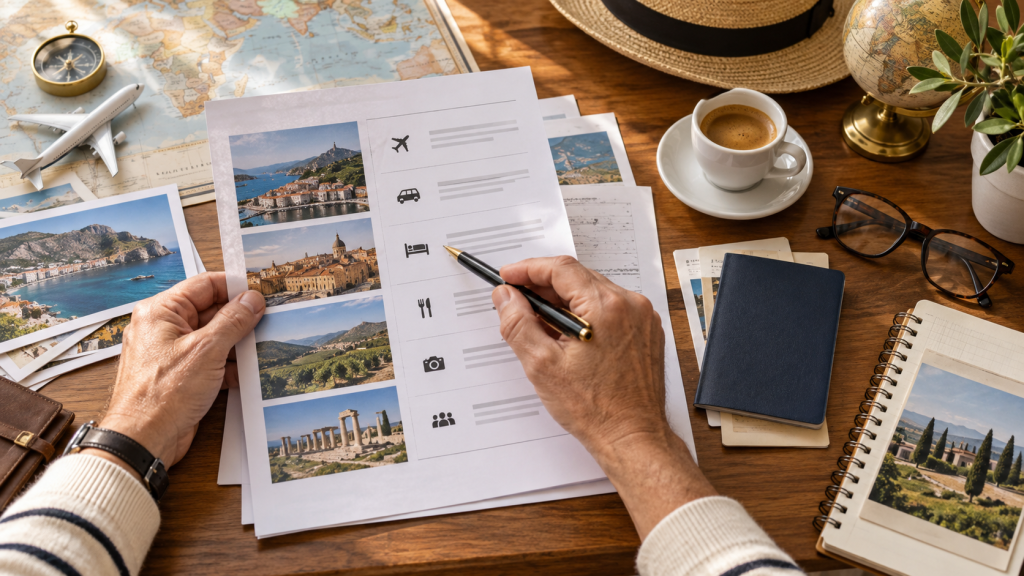Manos revisando un itinerario de viaje sobre una mesa con mapa y café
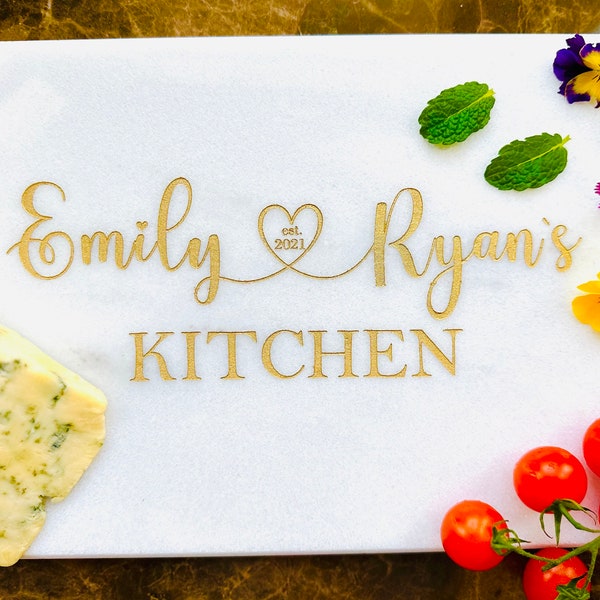 Personalised Marble Chopping Board, Custom Engraved Cheese Board, Serving Board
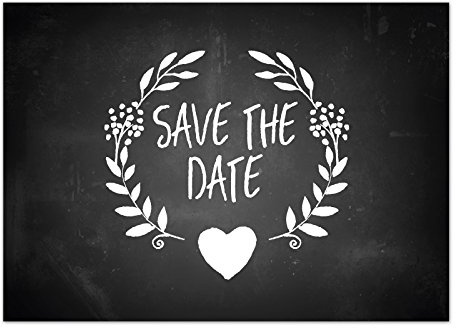 Einladungskarten Manufaktur Hamburg 10 x Save the Date Karten mit Umschlag/Tafellook schwarz mit weißer Schrift/Hochzeit/Heiraten/Geburtstag/Einladung/Verkündung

ASSIGNMENT →
Leave out the pictures. Transcribe the rest of the listing above exactly.

OUTPUT FOR THIS EXERCISE →
Manos revisando un itinerario de viaje sobre una mesa con mapa y café
 Personalised Marble Chopping Board, Custom Engraved Cheese Board, Serving Board
 Einladungskarten Manufaktur Hamburg 10 x Save the Date Karten mit Umschlag/Tafellook schwarz mit weißer Schrift/Hochzeit/Heiraten/Geburtstag/Einladung/Verkündung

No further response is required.